None of those countries have a "debt ceiling" law either. S&P, which are not political prognosticators and whose decision was primarily steeped in politics, cites mostly the political dynamics of The United States, not fundamental fiscal problems.

Some choice quotes:
The political brinksmanship of recent months highlights what we see as America's governance and policymaking becoming less stable, less effective, and less predictable than what we previously believed. ...
Our opinion is that elected officials remain wary of tackling the structural issues required to effectively address the rising U.S. public debt...burden in a manner consistent with a 'AAA' rating and with 'AAA' rated sovereign peers...
In our view, the difficulty in framing a consensus on fiscal policy weakens the government's ability to manage public finances and diverts attention from the debate over how to achieve more balanced and dynamic economic growth in an era of fiscal stringency and private-sector deleveraging...
And lest you think S&P wants all spending cuts, witness:
It appears that for now, new revenues have dropped down on the menu of policy options.
What else? Oh, part of their downgrade reasoning is because they now believe that Congress and the President have indicated by their actions that they will not allow The Bush Tax Cuts for the super wealthy to expire, thereby limiting the potential for signicantly higher revenue opportunity in the nation's finances. Clearly S&P knows basic finance: that tax cuts do not help deficits.
Compared with previous projections, our revised base case scenario now assumes that the 2001 and 2003 tax cuts, due to expire by the end of 2012, remain in place. We have changed our assumption on this because the majority of Republicans in Congress continue to resist any measure that would raise revenues, a position we believe Congress reinforced by passing the act.

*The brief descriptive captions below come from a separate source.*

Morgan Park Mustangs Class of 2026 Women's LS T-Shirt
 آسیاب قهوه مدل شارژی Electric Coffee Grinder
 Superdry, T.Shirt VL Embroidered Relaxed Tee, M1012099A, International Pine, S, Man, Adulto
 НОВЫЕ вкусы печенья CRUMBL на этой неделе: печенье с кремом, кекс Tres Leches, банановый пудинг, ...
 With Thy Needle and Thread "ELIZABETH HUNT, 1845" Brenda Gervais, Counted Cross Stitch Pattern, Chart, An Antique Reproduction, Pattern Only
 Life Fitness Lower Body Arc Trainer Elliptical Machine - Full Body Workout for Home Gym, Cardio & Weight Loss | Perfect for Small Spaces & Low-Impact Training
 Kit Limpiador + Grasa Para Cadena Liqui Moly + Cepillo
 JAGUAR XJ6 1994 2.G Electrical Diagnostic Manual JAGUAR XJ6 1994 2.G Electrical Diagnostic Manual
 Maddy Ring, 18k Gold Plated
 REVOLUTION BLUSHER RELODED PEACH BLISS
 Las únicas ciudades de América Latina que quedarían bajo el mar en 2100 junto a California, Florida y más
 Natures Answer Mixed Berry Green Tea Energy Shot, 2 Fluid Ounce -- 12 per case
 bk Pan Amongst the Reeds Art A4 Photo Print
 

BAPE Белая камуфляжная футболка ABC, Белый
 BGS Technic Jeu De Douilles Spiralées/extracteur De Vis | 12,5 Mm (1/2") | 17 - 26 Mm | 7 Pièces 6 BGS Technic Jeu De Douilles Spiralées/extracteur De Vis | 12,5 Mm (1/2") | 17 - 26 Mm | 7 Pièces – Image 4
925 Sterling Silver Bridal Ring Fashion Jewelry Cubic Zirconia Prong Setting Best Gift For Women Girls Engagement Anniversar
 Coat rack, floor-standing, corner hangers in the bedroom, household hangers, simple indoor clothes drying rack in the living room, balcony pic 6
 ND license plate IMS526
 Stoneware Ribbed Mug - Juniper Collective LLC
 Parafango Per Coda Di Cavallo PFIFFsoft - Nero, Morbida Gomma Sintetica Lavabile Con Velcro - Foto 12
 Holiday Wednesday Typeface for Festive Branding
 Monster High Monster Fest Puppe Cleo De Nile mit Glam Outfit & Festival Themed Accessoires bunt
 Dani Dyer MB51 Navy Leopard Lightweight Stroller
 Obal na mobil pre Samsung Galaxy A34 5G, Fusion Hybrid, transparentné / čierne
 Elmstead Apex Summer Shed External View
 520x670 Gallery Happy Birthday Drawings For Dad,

Finally, this basic Q&A about the situation from Reuters is something that both retail and advanced investors should review. Bottom line: while it brings some interesting analysis to the table, S&P made bad calculations, has lost all credibility as its function as a credit rating agency, and is now better suited to make commentary in the FT, WSJ, Reuters, Bloomberg and elsewhere as merely political prognosticators.